**AIM OF THE TASK**
Reproduce the listing exactly. Omit pictures.

(Beginning of DATA PROVIDED)

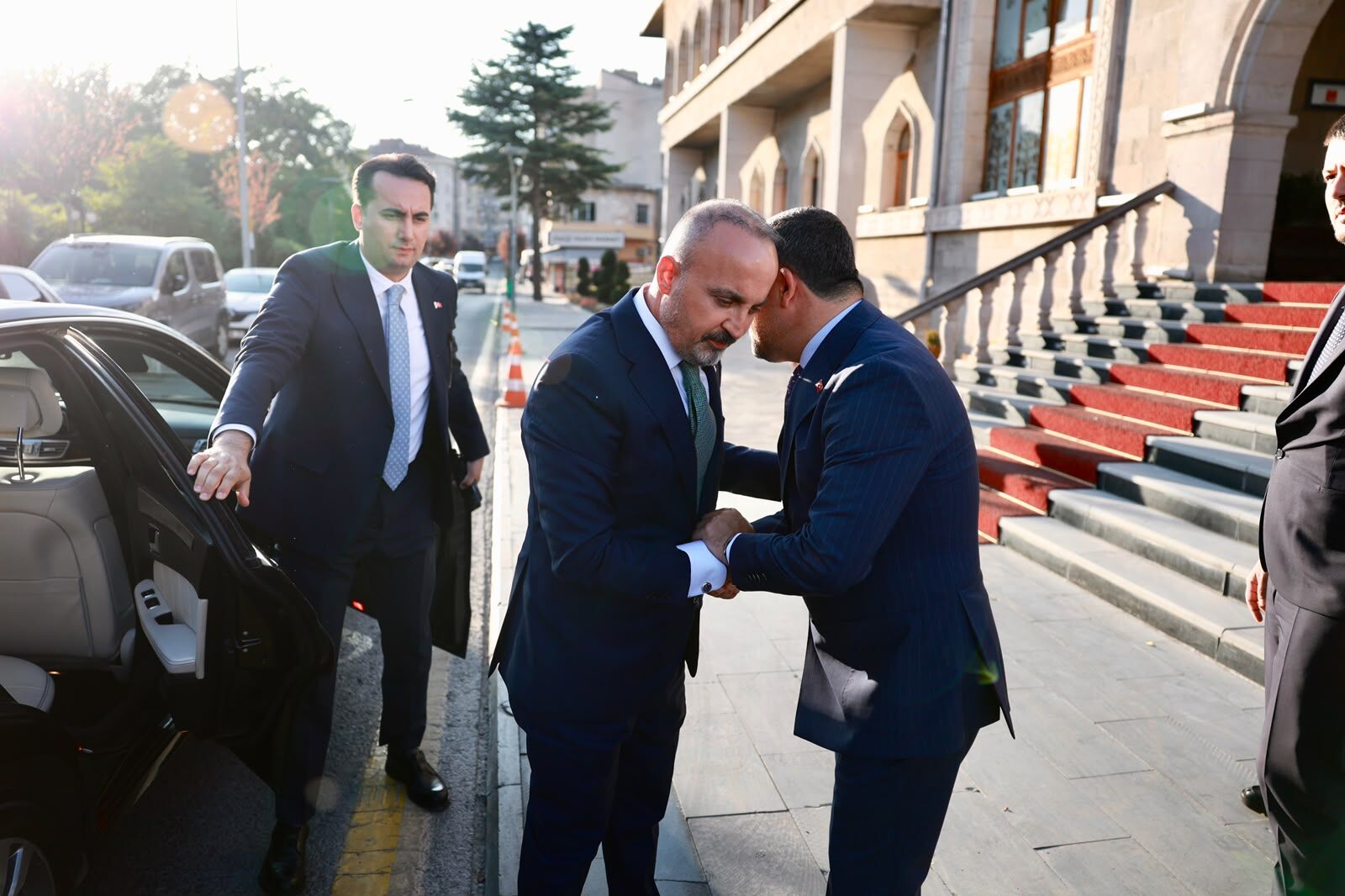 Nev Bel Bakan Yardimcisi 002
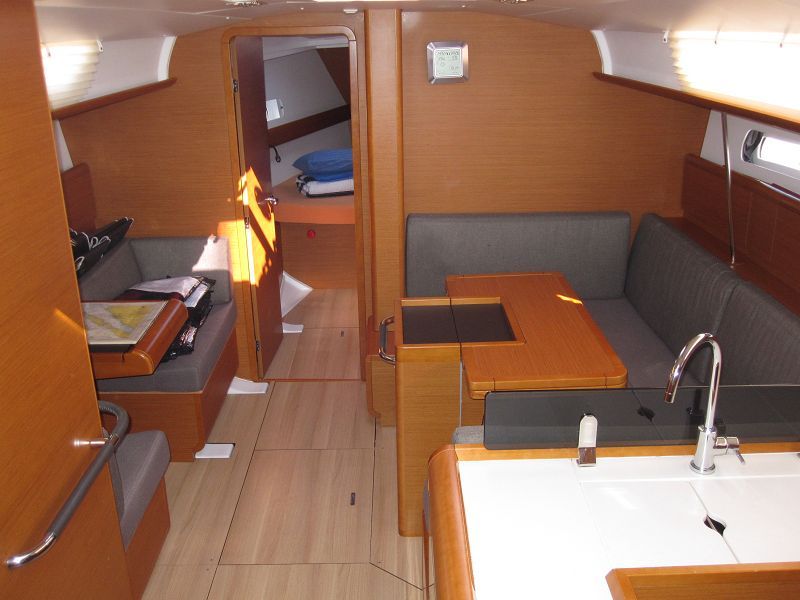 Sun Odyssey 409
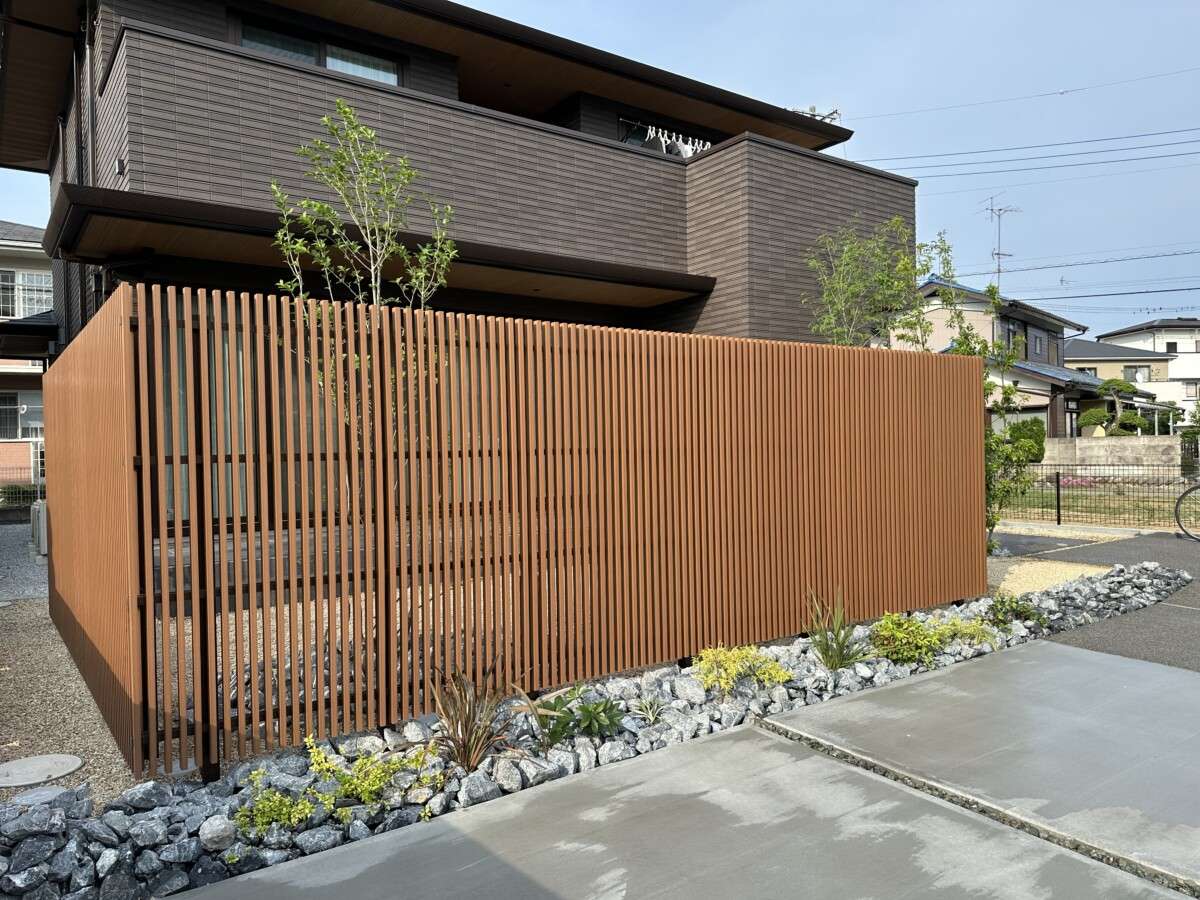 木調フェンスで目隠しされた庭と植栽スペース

(End of DATA PROVIDED)

**ANSWER SECTION**
 Nev Bel Bakan Yardimcisi 002
 Sun Odyssey 409
 木調フェンスで目隠しされた庭と植栽スペース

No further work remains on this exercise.